Recruitment Analysis is Wrong

June 9, 2015 — The Washington Post’s Chris Cillizza wrote a story at the end of last week that rated 2016 Senate Democratic candidate recruitment as “stellar”, but he omits some rather major analytical points in drawing that conclusion. Mainly, he fails to mention the large number of cumulative losses these individuals have recently absorbed.

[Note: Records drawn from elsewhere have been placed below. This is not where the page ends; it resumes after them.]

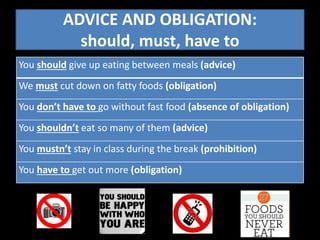 ADVICE AND OBLIGATION: 
should, must, have to 
You should give up eating between meals (advice) 
We must cut down on fatty foods (obligation) 
You don’t have to go without fast food (absence of obligation) 
You shouldn’t eat so many of them (advice) 
You mustn’t stay in class during the break (prohibition) 
You have to get out more (obligation) 
 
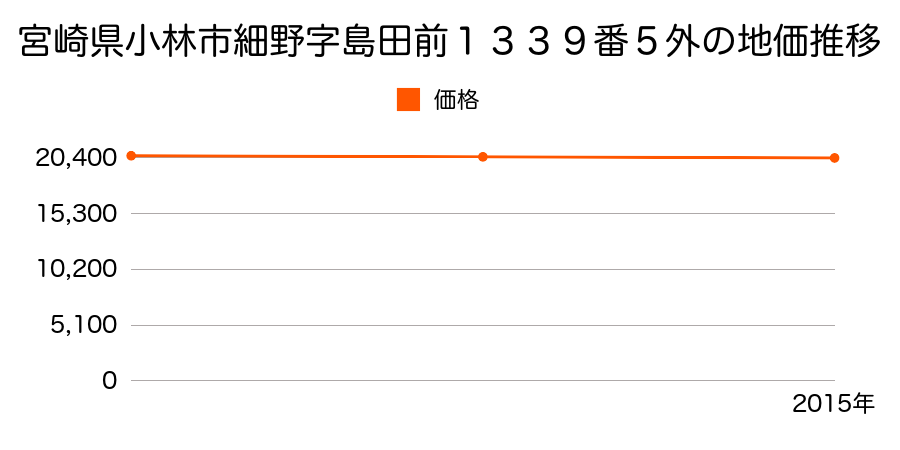 宮崎県小林市細野字島田前１３３９番５外の地価推移のグラフ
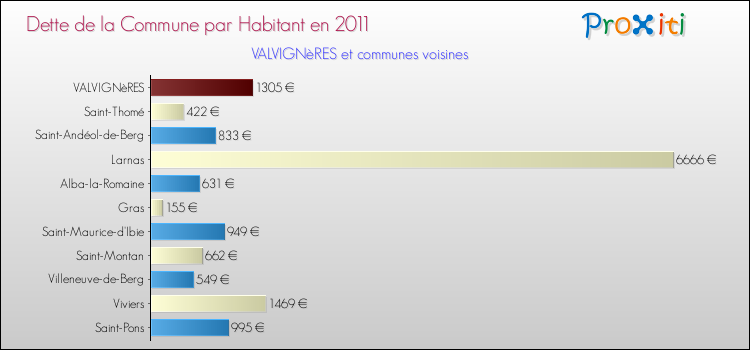 Dette par habitant de la commune en 2011 pour VALVIGNèRES et les communes proches Comparaison de la dette par habitant de la commune en 2011 pour VALVIGNèRES et les communes voisines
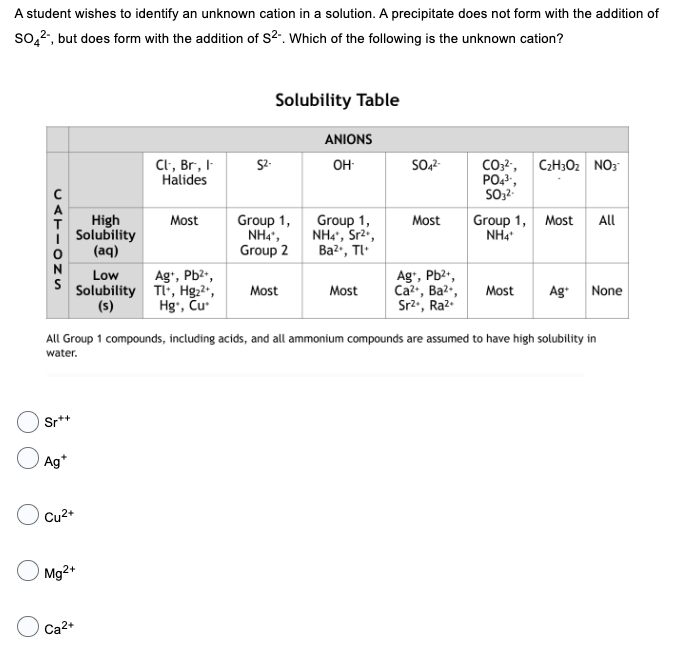 A student wishes to identify an unknown cation in a solution. A precipitate does not form with the addition of
SO4²", but does form with the addition of S². Which of the following is the unknown cation?
CATIONS
с
Sr++
Ag*
Cu²+
High
Solubility
(aq)
Low
Solubility
(s)
Mg2+
Ca²+
Cl, Br, I
Halides
Most
Ag+, Pb²+,
Tl+, Hg₂²+,
Hg, Cu
52-
Solubility Table
Group 1,
NHÀ,
Group 2
Most
ANIONS
OH
Group 1,
NH4*, Sr²*,
Ba²+, Tl+
Most
SO4²-
Most
Ag+, Pb²+,
Ca²+, Ba²+,
Sr²+, Raz
All Group 1 compounds, including acids, and all ammonium compounds are assumed to have high solubility in
water.
CO3²-, C₂H3O2 NO3
PO4³¹,
SO3².
Group 1, Most All
NH4*
Most
Ag. None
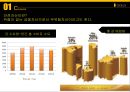 금 (Gold) 금값 상승 원인, 금값 하락 원인, 금의 전망, 안전자산, 금 매장량.pptx 3페이지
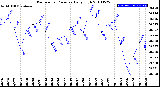 Milwaukee Weather Barometric Pressure<br>Daily High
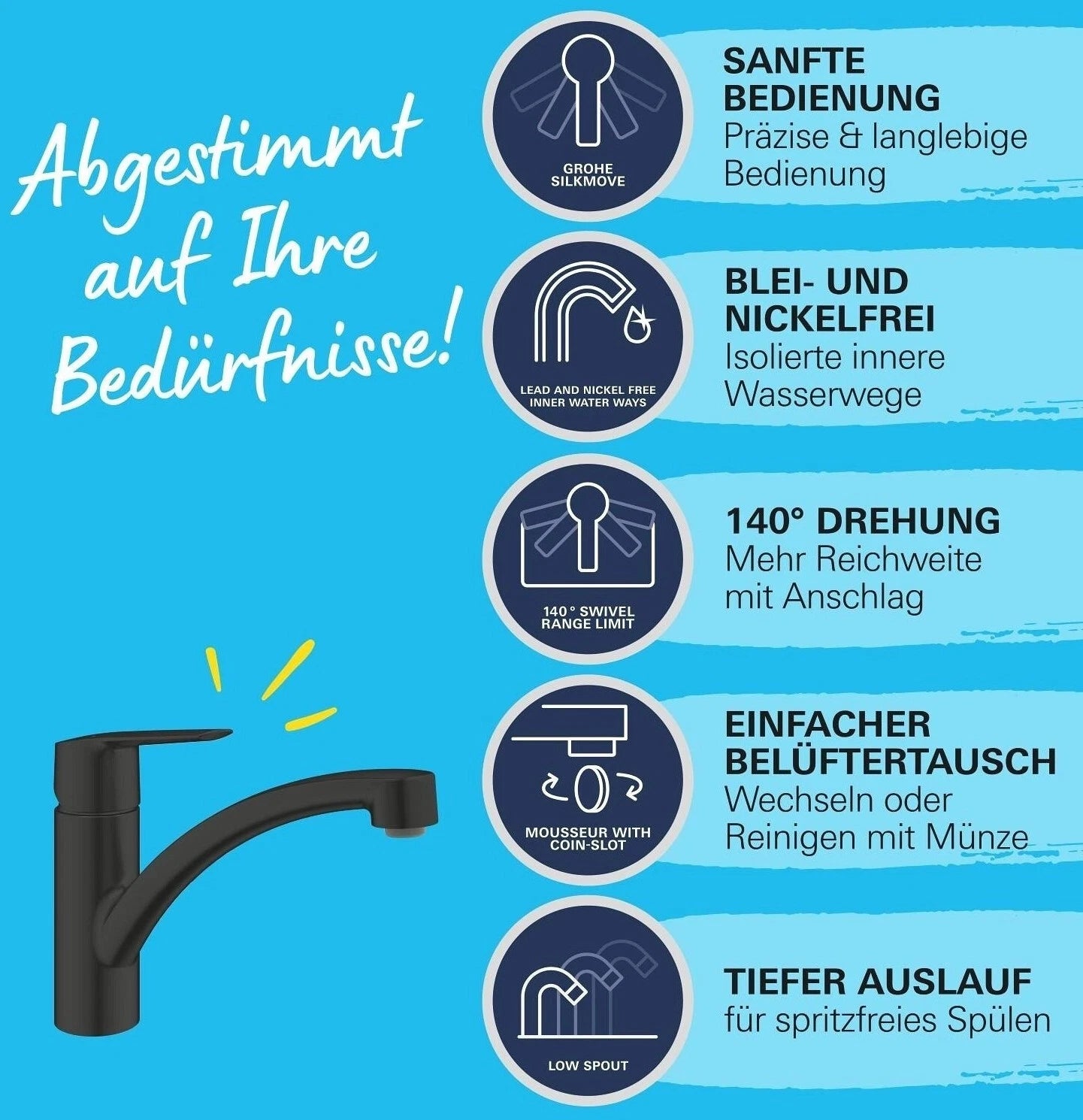 Grohe START QuickFix Küchenarmatur Schwarz Vorteile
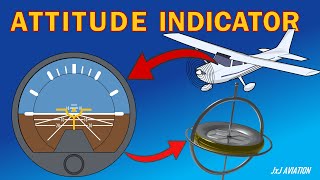 How does an Attitude Indicator Function Understanding the Principles of a Gyroscope [upl. by Hatcher74]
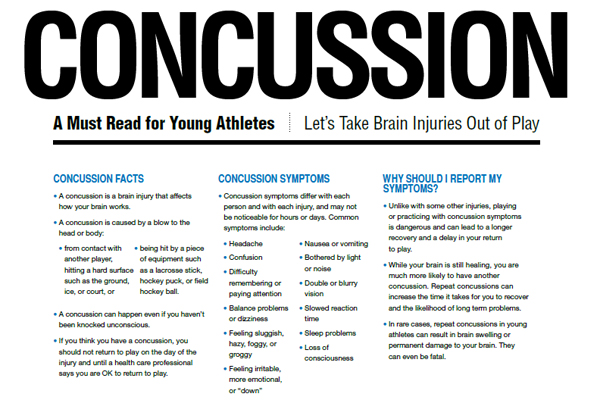 Concussion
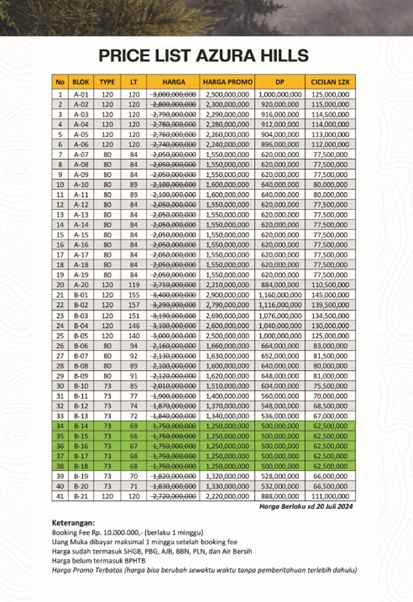 dijual rumah azura hill batu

He first starts with the Nevada race and says the Democrats recruited the top potential candidate, former Attorney General Catherine Cortez Masto who outgoing Senate Minority Leader Harry Reid (D) prompted to run and supports. He gives the party further points by citing that Rep. Dina Titus (D-NV-1) will not challenge Masto. This is all true, and avoiding a primary does make things better for them during the general election, but Masto should not be considered to be a prohibitive favorite against what should be a strong Republican. She won her first AG race in 2006, a Democratic landslide year, with a solid 59.0 percent vote count. Four years later she significantly regressed, scoring 52.8 percent, though 2010 was clearly a better Republican year.

In Florida, he cites Rep. Patrick Murphy (D-FL-18) as a strong recruitment, and we agree. As Cillizza correctly mentions, Rep. Alan Grayson’s (D-FL-9) potential candidacy certainly clouds the Democratic picture. The Florida seat is open because Sen. Marco Rubio (R) is running for president.